Hamid mengaku sangat menghormati lembaga peradilan Indonesia dan telah sepenuhnya mengikuti proses hukum terkait dugaan korupsi proyek pemulihan lahan atau tanah tercemar limbah minyak (bioremediasi) di Riau.

"Meskipun kami menyambut baik putusan pengadilan yang menyatakan bahwa Bachtiar tidak terbukti melakukan tindakan kriminal, namun kami sangat kecewa atas putusan pengadilan yang terbagi ini yang menyatakan bahwa Bachtiar terbukti bersalah dalam dakwaan sekunder atas penyalahgunaan wewenang dan tetap ditahan," katanya.

Hamid mengaku sangat yakin putusan tersebut tidak memberi keadilan karena sebelum vonis, bukti-bukti faktual yang melimpah, keterangan pihak pemerintah yang berwenang dan pendapat para ahli yang hadir di persidangan menunjukkan dengan jelas bahwa Bachtiar tidak melakukan pelanggaran hukum dan proyek tersebut telah berjalan sesuai dengan peraturan yang berlaku.

Keprihatinan dan dukungan menurut dia diberikan perusahaan untuk Bachtiar dan keluarganya dalam masa yang sangat sulit.

"Kami akan terus mendukung upaya hukum Bachtiar untuk membuktikan bahwa dia tidak bersalah," katanya.

Menurut Hamid, hal itu sangat penting, dan untuk dicatat bahwa pada 27 November 2012, Pengadilan Negeri Jakarta Selatan telah mengeluarkan putusan praperadilan yang memerintahkan pembebasan dari tahanan dan dari status tersangkanya karena tidak ada bukti yang mendukung tuduhan jaksa.

Menurut hukum Indonesia, kata dia, kasus tersebut tidak dapat dibuka kembali tanpa putusan Mahkamah Agung yang membatalkan putusan pengadilan tersebut.
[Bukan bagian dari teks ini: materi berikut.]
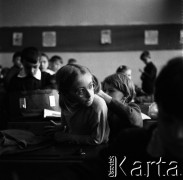 1961, Warszawa, Polska.
Szkoła podstawowa nr 171 im. Wojska Polskiego (obecnie nieistniejąca) przy ulicy Emilii Plater.
Fot. Irena Jarosińska, zbiory Fundacji Ośrodka KARTA
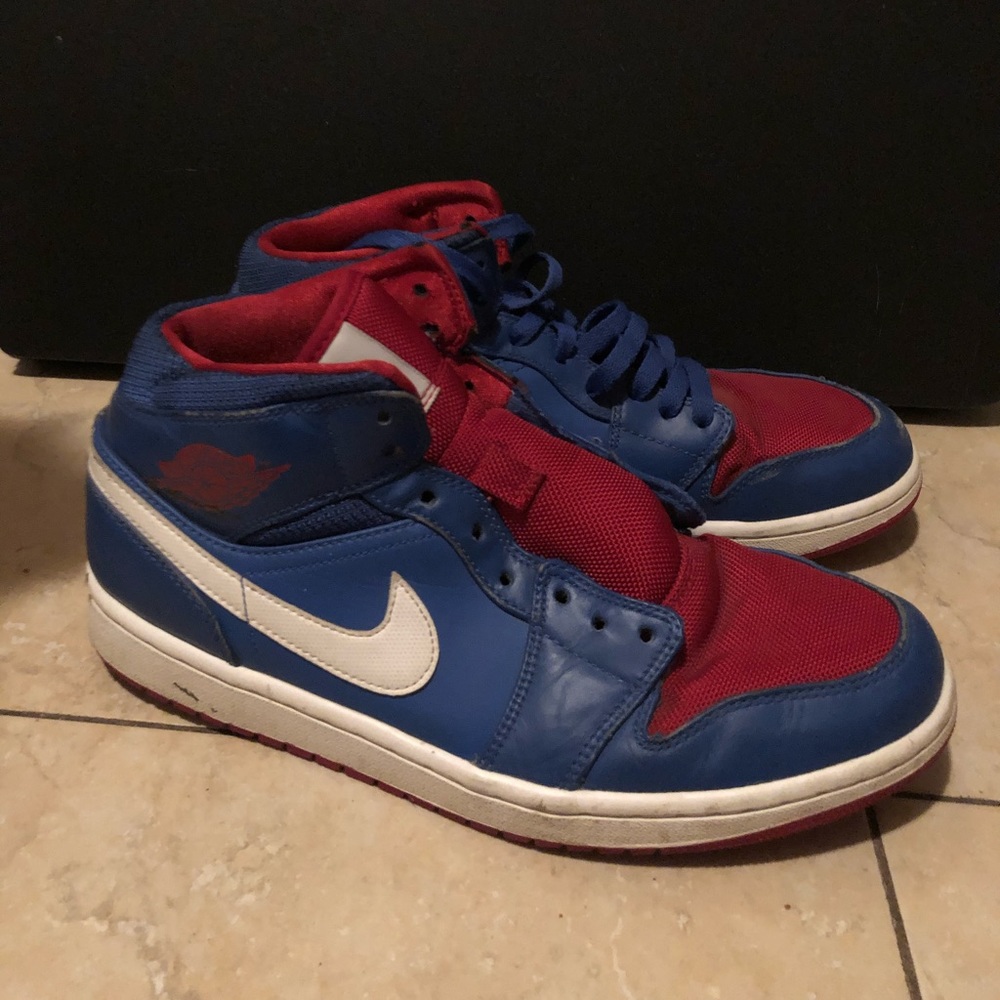 Jordan 1 Detroit Pistons Size 9 Red and Blue
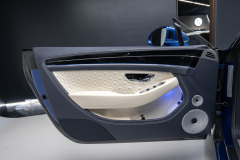 18-Bentley-GT-W12-藍-白_覓奢華LUXURYGOODS-3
"Kami memandang peradilan dan penahanan Bachtiar yang berlangsung sejak 17 Mei 2013 merupakan pelanggaran hukum," katanya.

Hamid mengatakan, pihaknya percaya bahwa Bachtiar tidak bersalah atas semua dakwaan kepadanya.

Putusan pengadilan itu menurut dia tampaknya telah mengabaikan bukti-bukti faktual, hasil pengujian yang telah tersertifikasi, dokumentasi prosedur, Peraturan Menteri dan berbagai kesaksian dari pejabat pemerintah yang berwenang dan para ahli pihak ketiga yang kredibel.

Dalam menuntut Bachtiar, kata dia, putusan pengadilan tampaknya merujuk hampir seluruhnya pada keterangan salah satu saksi ahli yang telah jelas memiliki konflik kepentingan, dan bukti yang dimilikinya pun telah diabaikan oleh hakim yang berbeda pendapat (dissenting opinion) dalam putusan pengadilan.